Critical Pedagogy and Conceptual Metaphor
Jonan Phillip Donaldson and Penny L. Hammrich
Drexel University School of Education
International Conference on Urban Education (ECUE), Nassau, Bahamas, November 8-10, 2018
Social Justice and Advocacy Strand
Abstract: Conceptual metaphor theory suggests the metaphors we use for a concept such as
learning dictate our practices in teaching and learning. Critical pedagogy theorists have argued
that the positivist transfer/acquisition/banking conceptualization of learning is dominant in
society and must be rejected. They characterized critical pedagogy learning through construction
metaphors. This study used a critical pedagogy lens to understand conceptualizations of learning
among educational researchers, and how they relate to beliefs regarding the purpose of education
and effective practices in teaching, learning, and social justice.
Descriptors: Critical Pedagogy, Conceptual Metaphor, Conceptual Change
Background and Framework
This study used a critical pedagogy lens to understand conceptualizations of learning among
educational researchers, and how they relate to beliefs regarding the purpose of education and
effective practices. Conceptual metaphor theory suggests that most (if not all) human concepts
are grounded in metaphors, and that the metaphors we use for a concept such as learning dictate
our practices in teaching and learning (Deignan, 2010; Lakoff & Johnson, 1980, 1999).
Furthermore, since conceptual metaphors dictate what we can and cannot see and influence what
we value, they are intrinsically linked with worldviews (Gibbs, 2014; Goatly, 2007). Conceptual
metaphors can be characterized by analyzing clusters of surface metaphors people use when
discussing a particular concept (Deignan, 2010; Gibbs, 2014). Critical pedagogy theorists have
argued that the positivist transfer/acquisition/banking conceptualization of learning is dominant
in society and must be rejected (Freire, 1970/2005; Giroux, 2013; Kincheloe, Steinberg, &
Tippins, 1999).

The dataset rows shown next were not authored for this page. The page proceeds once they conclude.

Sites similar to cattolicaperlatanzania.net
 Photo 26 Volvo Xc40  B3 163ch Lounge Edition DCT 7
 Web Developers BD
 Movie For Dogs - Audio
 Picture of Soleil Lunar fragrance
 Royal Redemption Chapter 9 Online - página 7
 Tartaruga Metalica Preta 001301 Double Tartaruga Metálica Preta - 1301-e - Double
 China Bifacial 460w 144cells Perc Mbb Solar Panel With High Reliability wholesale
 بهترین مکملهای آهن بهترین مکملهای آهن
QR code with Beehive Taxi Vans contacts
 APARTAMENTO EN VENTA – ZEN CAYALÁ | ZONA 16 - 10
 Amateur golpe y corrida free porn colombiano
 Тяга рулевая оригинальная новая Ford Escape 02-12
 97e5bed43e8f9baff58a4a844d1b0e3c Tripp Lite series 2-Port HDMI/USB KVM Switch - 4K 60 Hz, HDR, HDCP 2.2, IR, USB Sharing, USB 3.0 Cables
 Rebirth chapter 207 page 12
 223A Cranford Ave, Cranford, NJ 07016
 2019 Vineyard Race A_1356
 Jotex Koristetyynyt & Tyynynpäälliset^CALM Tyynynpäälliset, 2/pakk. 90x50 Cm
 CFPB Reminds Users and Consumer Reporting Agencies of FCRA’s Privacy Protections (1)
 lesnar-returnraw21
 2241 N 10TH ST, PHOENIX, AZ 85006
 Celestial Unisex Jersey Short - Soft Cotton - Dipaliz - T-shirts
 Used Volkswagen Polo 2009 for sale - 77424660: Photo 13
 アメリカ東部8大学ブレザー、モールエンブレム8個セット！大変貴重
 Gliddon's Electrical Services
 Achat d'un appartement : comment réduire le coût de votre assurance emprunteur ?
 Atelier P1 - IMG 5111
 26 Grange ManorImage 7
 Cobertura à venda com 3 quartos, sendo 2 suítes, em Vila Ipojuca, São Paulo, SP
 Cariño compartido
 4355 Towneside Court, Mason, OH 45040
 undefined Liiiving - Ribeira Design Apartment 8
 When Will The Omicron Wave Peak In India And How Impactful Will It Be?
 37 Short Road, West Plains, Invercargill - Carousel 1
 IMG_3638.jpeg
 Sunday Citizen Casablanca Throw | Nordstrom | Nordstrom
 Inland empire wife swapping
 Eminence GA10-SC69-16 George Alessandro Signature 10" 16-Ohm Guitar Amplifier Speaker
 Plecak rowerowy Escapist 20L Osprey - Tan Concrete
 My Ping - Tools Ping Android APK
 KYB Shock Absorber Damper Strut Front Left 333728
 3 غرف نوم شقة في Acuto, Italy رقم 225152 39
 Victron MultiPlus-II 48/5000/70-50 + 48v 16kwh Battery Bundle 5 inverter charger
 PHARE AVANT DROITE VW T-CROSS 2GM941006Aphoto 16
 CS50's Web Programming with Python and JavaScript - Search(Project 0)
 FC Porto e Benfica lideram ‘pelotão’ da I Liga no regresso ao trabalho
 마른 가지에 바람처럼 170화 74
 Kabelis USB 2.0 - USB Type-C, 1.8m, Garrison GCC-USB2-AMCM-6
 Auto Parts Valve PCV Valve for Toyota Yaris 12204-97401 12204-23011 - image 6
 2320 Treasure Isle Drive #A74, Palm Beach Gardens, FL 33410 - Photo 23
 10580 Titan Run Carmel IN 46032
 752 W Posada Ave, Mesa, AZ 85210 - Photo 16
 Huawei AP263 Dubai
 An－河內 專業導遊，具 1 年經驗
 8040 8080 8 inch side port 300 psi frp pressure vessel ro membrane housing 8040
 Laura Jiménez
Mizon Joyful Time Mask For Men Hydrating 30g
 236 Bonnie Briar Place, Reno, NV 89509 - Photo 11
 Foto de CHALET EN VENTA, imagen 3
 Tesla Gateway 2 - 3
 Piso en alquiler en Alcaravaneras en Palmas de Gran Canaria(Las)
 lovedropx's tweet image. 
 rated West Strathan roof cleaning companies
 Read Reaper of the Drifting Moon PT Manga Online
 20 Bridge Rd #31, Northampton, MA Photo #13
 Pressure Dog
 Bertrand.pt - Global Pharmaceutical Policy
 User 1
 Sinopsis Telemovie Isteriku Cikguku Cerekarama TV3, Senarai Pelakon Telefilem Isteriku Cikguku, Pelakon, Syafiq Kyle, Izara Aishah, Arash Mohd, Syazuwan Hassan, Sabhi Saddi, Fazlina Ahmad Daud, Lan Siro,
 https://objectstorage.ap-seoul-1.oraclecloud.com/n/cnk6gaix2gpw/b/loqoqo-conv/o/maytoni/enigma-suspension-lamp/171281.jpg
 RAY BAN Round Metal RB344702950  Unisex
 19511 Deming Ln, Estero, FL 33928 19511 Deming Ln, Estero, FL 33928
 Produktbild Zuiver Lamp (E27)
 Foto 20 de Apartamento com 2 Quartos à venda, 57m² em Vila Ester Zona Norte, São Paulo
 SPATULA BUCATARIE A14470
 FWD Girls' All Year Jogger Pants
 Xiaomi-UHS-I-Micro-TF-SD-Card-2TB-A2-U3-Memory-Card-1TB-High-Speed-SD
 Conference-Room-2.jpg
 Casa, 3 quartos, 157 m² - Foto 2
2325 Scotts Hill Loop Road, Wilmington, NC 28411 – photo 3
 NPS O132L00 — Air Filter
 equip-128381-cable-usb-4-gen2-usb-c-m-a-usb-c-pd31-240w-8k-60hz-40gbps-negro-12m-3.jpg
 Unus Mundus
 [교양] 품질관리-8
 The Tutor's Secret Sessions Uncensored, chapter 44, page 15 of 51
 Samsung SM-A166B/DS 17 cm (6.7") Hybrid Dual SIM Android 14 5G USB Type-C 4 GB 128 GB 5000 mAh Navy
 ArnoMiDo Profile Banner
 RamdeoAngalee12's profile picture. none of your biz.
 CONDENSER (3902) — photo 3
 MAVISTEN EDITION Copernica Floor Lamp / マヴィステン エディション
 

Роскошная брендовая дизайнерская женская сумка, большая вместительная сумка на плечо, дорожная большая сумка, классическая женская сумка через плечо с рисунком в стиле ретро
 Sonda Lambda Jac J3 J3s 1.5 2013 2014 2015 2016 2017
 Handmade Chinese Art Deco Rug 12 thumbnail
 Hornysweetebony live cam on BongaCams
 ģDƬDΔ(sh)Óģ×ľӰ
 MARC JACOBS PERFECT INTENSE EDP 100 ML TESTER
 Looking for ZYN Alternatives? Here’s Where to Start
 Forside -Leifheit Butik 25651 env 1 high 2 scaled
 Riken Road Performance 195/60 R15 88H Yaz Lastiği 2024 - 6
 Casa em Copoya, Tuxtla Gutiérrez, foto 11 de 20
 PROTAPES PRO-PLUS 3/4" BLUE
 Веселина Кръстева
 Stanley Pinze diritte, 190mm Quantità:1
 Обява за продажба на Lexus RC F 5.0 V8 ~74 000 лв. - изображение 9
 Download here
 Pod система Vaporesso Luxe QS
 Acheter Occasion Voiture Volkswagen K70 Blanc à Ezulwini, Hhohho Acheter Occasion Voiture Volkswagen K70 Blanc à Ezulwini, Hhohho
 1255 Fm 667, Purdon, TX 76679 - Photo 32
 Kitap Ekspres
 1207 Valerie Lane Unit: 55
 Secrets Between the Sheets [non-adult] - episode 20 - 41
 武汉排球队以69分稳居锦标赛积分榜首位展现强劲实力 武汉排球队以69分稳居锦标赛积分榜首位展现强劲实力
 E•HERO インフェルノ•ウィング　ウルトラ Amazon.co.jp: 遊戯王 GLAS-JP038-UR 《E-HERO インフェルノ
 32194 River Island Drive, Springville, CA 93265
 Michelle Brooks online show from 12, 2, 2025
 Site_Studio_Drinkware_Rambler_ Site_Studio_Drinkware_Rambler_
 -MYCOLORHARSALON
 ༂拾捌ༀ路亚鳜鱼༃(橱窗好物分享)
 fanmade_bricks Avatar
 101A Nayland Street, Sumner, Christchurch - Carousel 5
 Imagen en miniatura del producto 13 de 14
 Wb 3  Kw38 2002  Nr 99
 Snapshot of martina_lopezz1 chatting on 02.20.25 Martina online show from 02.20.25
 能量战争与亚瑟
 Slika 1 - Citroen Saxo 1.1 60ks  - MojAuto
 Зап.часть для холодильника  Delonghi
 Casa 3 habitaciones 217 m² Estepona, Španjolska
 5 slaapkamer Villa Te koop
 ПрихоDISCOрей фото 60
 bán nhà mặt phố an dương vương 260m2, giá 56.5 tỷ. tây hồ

They characterized critical pedagogy learning through construction metaphors
and constructivist worldviews, arguing that critical pedagogy work requires rejection of positivist
beliefs regarding the nature of learning (Apple, 2014; Giroux, 2014; Kincheloe, 2007).
Conceptual metaphor analysis (Cameron & Maslen, 2010; Deignan & Semino, 2010) was used
to characterize conceptualizations of learning, and grounded theory (Charmaz, 2014; Corbin &
Strauss, 2015; Thornberg, 2012) to analyze alignments between conceptual metaphors, practices,
and worldviews. Three hundred and fifteen academic journal articles from two leading
educational research journals from the last five years were analyzed. Surface metaphors related
to learning were coded, and analysis of co-occurrence patterns revealed conceptual metaphors.
Beliefs related to practices and worldview were coded and alignments between conceptual
metaphors of learning, practices, and worldviews were analyzed.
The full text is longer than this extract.